The Remo Stars Football club announced Kazeem’s sudden passing away on their official Twitter handle. The Nigerian National League side stated that they are doing everything to investigate the cause of his death. “We regret to announce the departure of our assistant captain and defender, Tiyamiyu Kazeem (Kaka). The club is doing everything possible to investigate his ultimately death. May his soul rest in perfect peace.”

Angry residents took to the streets across the town to protest the murder of the footballer who many described as talented and hard working. A close friend of the deceased, Bolaji Soluade, who spoke with our correspondent, confirmed his untimely death and blamed the SARS operatives for the incident. According to him, one of the officers was apprehended by residents after the shooting but was rescued by other policemen before the mob could do him much harm.

Youths in Sagamu went wild with rage when the news filtered to them that the young man who was earlier in the day arrested in Sagamu alive without resistance, and taken to Abeokuta, was allegedly shot dead later by the police halfway into their journey to Abeokuta.

It was learnt that quick intervention of senior police officers who moved in quickly to douse the tension saved Sagamu from turning into chaos. This is coming barely 48 hours after a similar protest broke out in Abeokuta, the Ogun State capital, on Thursday following the shooting of two Hausa traders in Olomoore Market by operatives of the Anti – Cultism Unit of the Ogun State Police Command.

Condemning what it called the unbearable excesses of the SARS operatives in Sagamu, the Pan Remo Forum (PRF), an umbrella body for socio-political groups in Remoland, said the death of Kazeem was “avoidable and needless.”
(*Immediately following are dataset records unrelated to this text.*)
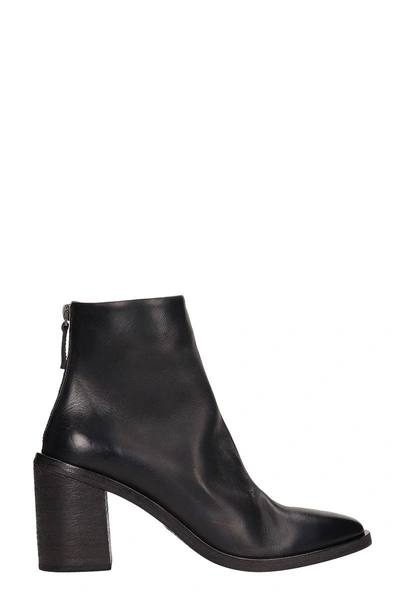 Marsèll Tapiro Black Leather Ankle Boots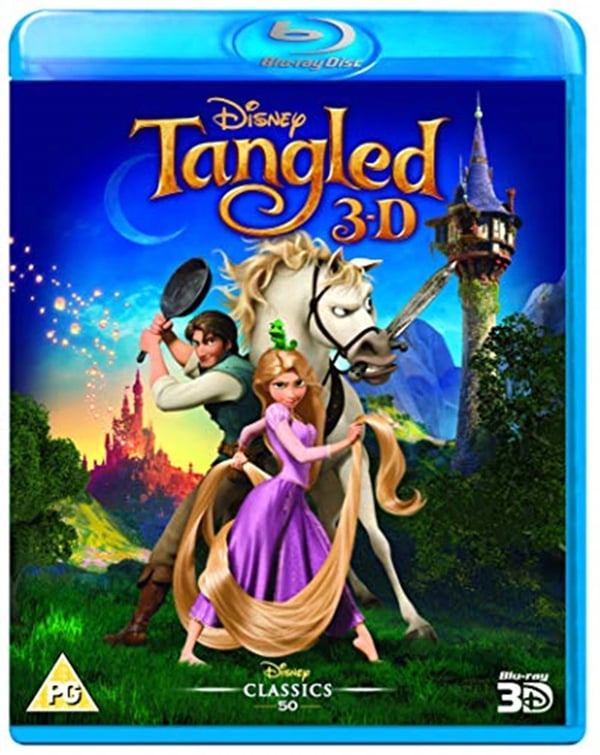 Tangled Bluray (2012) Nathan Greno Reuse Reduce Recycle Brand New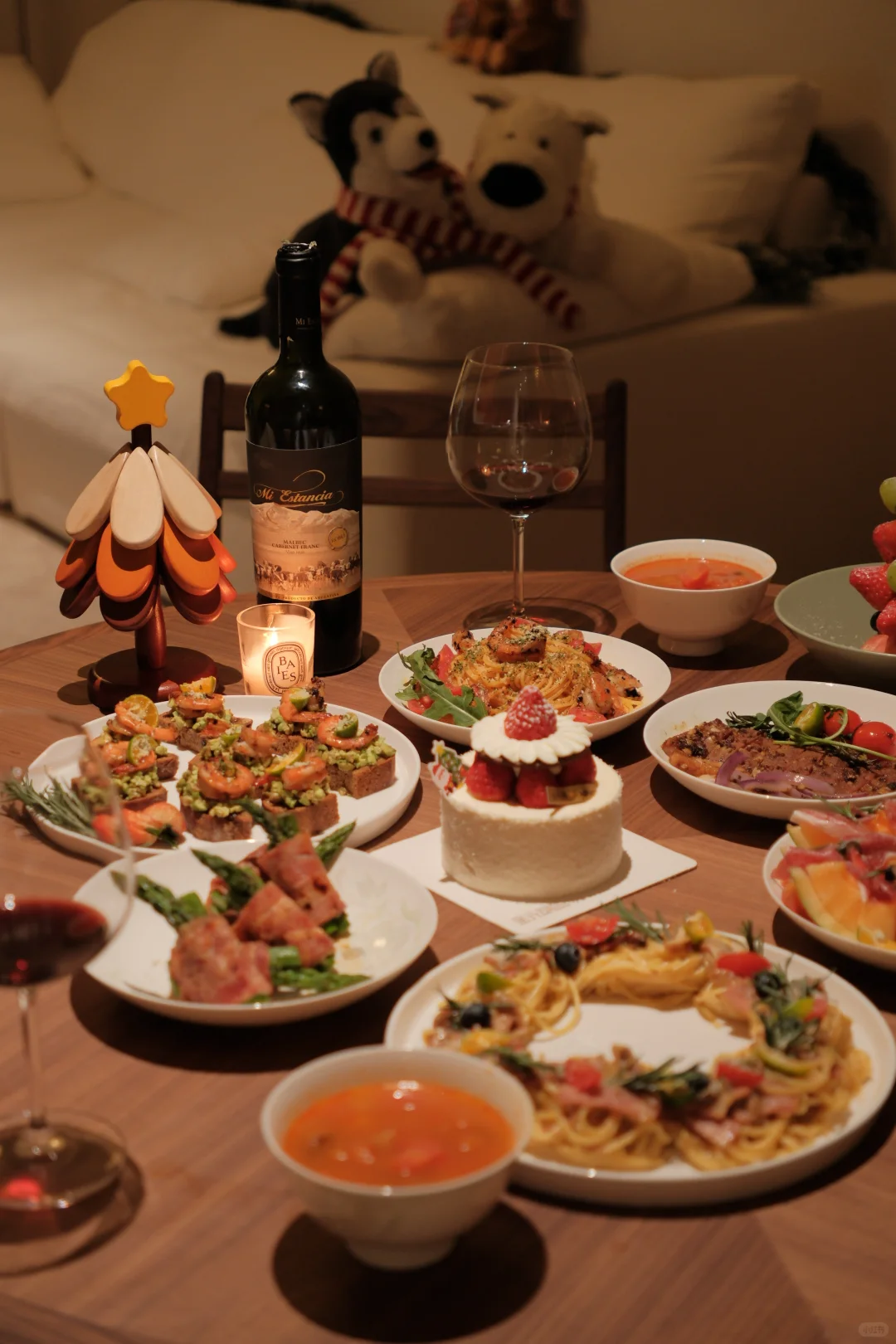 我真的太爱今晚的圣诞餐了！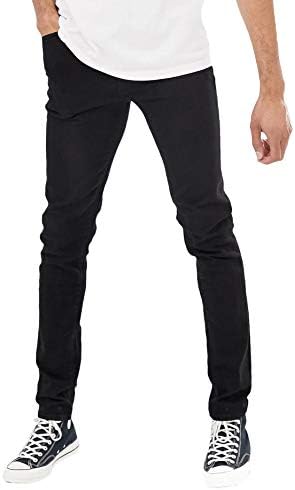 MEIKESEN Men's Skinny Stretch Jeans Straight Slim Fit Fashion Denim Cotton Jeans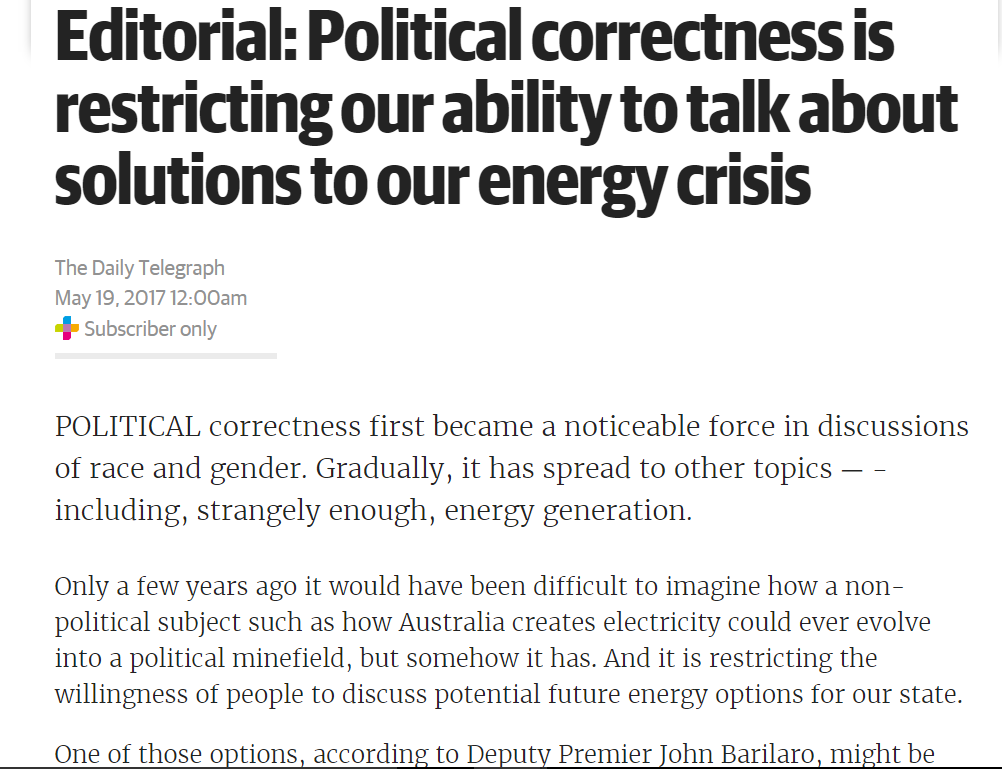 Pardon my political correctness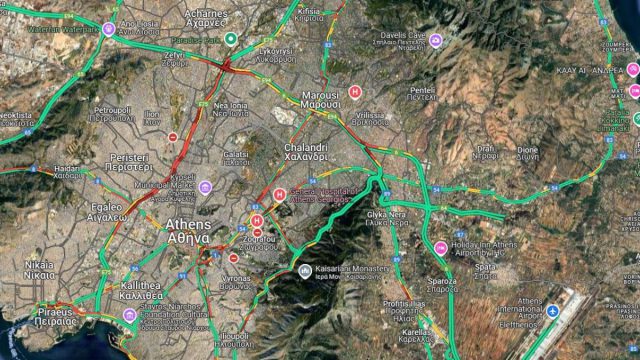 Live η κίνηση (02/07): Στο «κόκκινο» Κηφισός και Κηφισίας – Πού αλλού υπάρχουν προβλήματα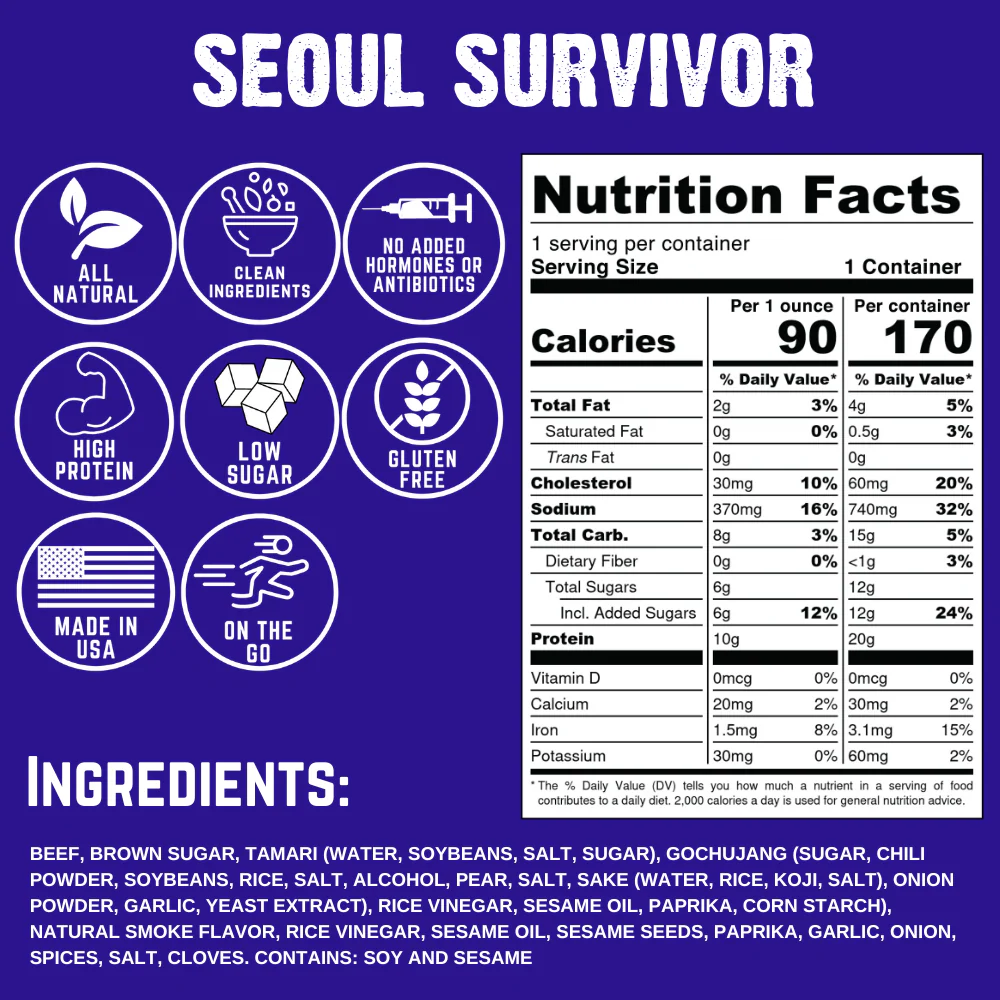 Seoul Survivor Beef Jerky - Image 5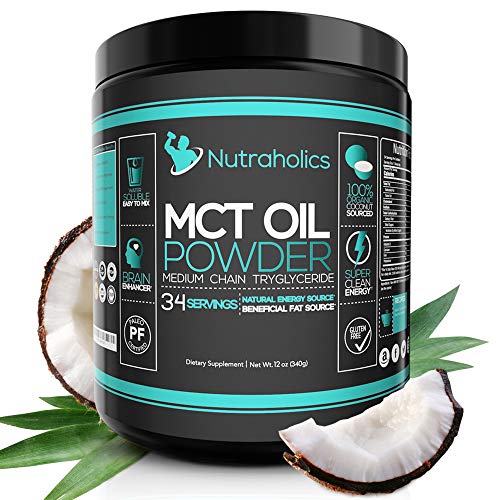MCT Oil Powder - Keto Diet Coffee Creamer, Paleo Certified, Non-GMO, Gluten Free - 100% Organic Coconut Medium Chain Triglycerides, Ketogenic Super Fuel for Energy and Brain Function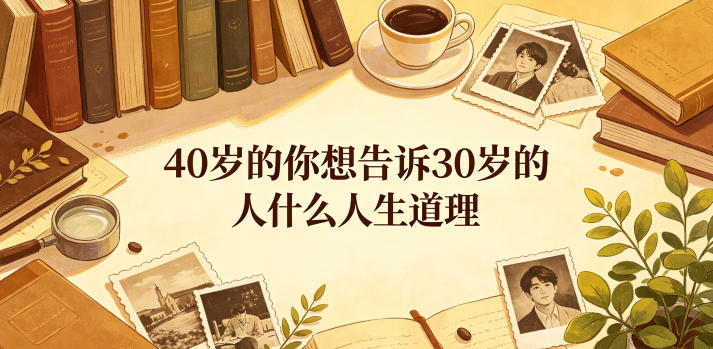公众号付费文章:40岁的你想告诉30岁的人什么人生道理?-老吴出海笔记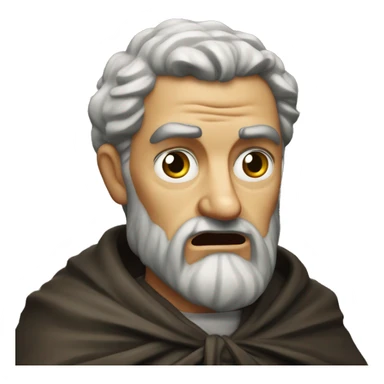 saint paul apostle angry sticker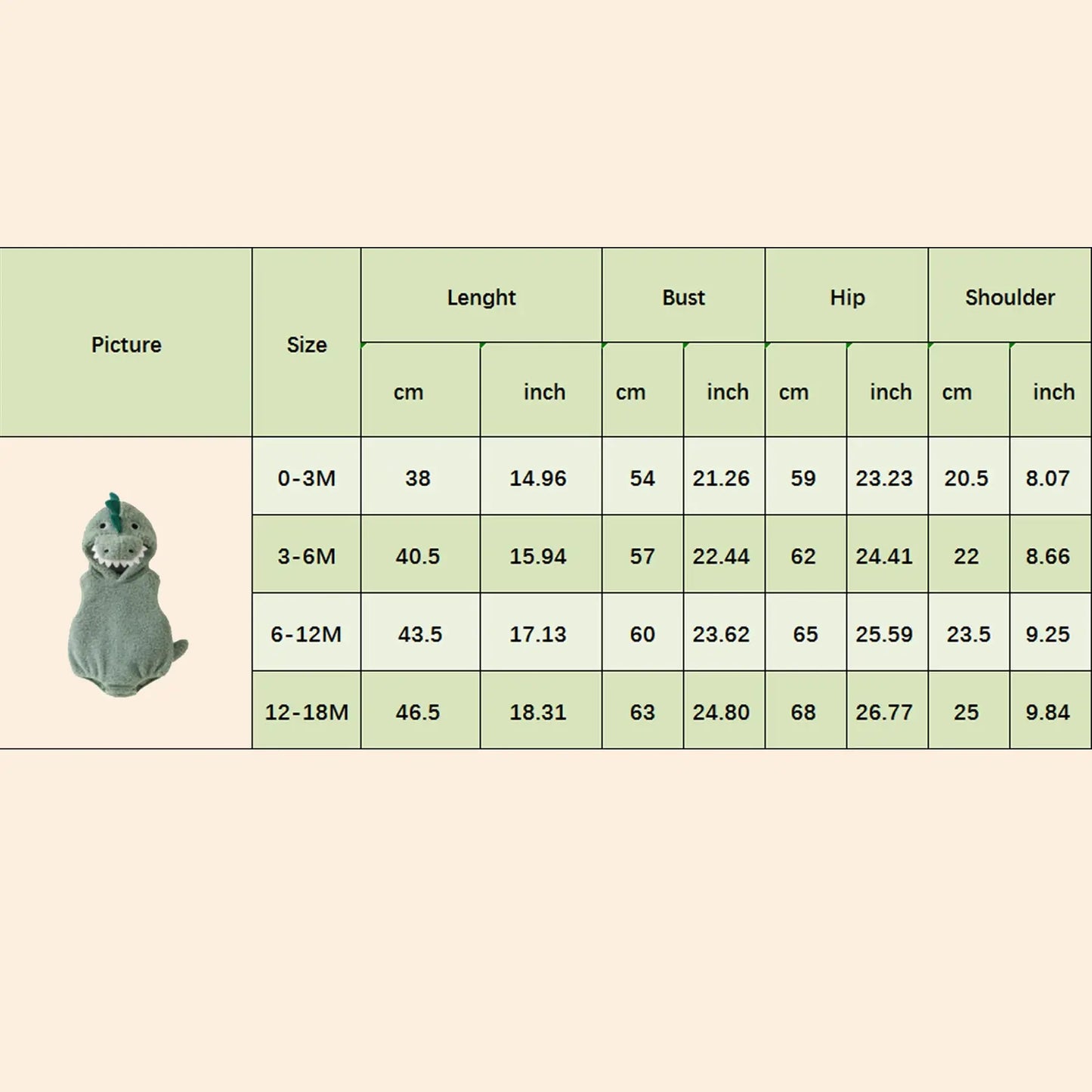 Baby Dino Hooded Romper™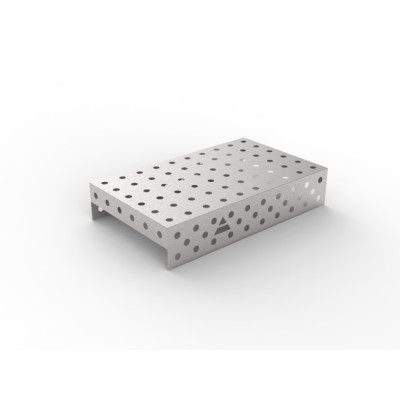 Stainless steel cover 1000x600 tinklelis 100x100, fi28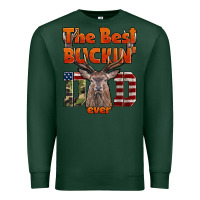 Sports Green The Best Bucking Dad Ever Premium Sweatshirt - LillyAllenDesigns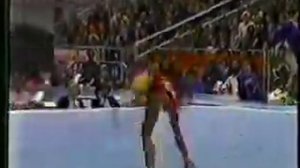 Olga Bicherova - 1981 Worlds AA - Floor Exercise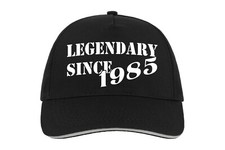 Legendary Birthday Baseball Hat Cap Gift Present Since 30th 40th 1985 Any Year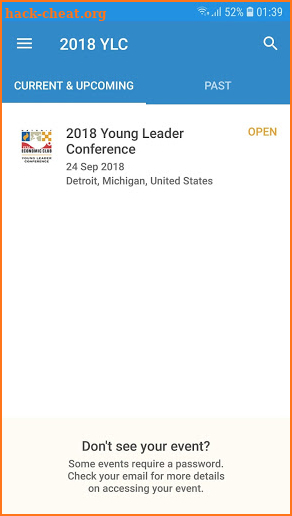 2018 Young Leader Conference screenshot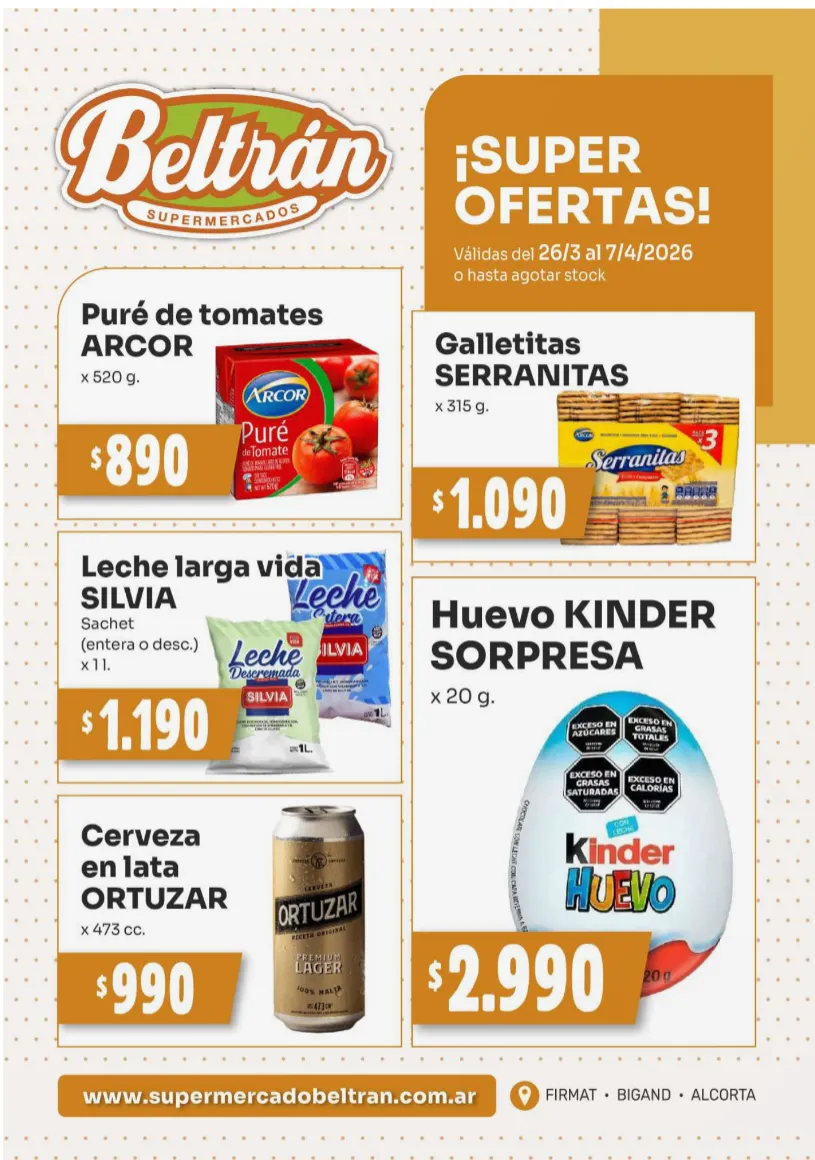 Ofertas de Ofertas Beltrán Supermercados 27 de marzo al 7 de abril 2026 - Página 1 del catálogo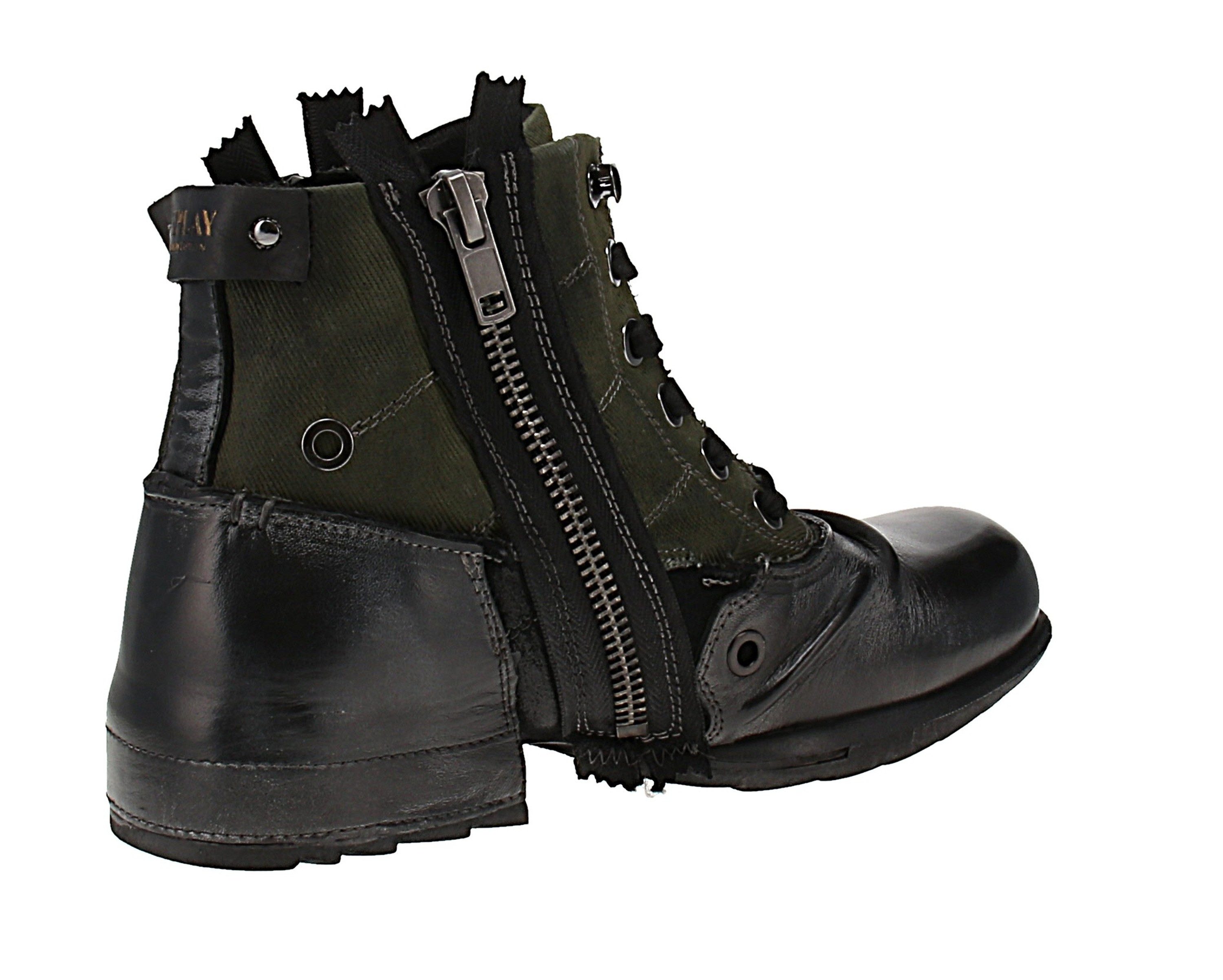 Replay Replay Grip Limited GMU01 C0023L - Herren Boots - 1659-Black-Mil-Grn günstig online kaufen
In a release signed by its Organising Secretary, Lookman Banjoko, the forum called on concerned authorities to ensure that the killers of the promising footballer are fished out and punished appropriately.

The forum also condemned what it described as the tiring excesses of the SARS officers, who it accused of always oppressing the people of the town under the pretense of fighting crime and cultism.

“This is just as we can categorically tell you that their interest lies more in the financial gratifications and exploitation they enjoy in the course of chasing Yahoo boys, real and imagined. We call on the governor and the police commissioner to rid Sagamu of these killers in uniform before it is too late,” PRF warned.

When contacted, the Ogun State Police Public Relations Officer, Abimbola Oyeyemi, said nobody was shot dead by policemen. He, however, confirmed the death of a young man in Sagamu who he claimed was accosted by policemen on suspicion of a crime. According to the police spokesperson, the deceased was knocked down by an oncoming vehicle while trying to escape from the officers who arrested him.

The police spokesperson said the young man, whose identity he did not disclose, was accused of always kitting himself in full military uniform to harass and intimidate unsuspecting members of the public in Sagamu, which prompted a police inspector attached to the State Criminal Investigation and Intelligence Department (SCIID), Abeokuta, to storm Sagamu alone and effected his arrest but while he was being taken to Abeokuta, the vehicle developed fault and had to park it by the roadside.

He explained that while the faulty car was being fixed, the suspect jumped out of the car and tried to run across the road, but a speeding vehicle, unfortunately, knocked him down and he died in the process.

He also disclosed that the Commissioner of Police, Kenneth Ebrimson, had given directive for the arrest of the allegedly erring inspector for investigation to ascertain the level of unprofessionalism exhibited in his conduct towards the victim and recommend appropriate disciplinary action.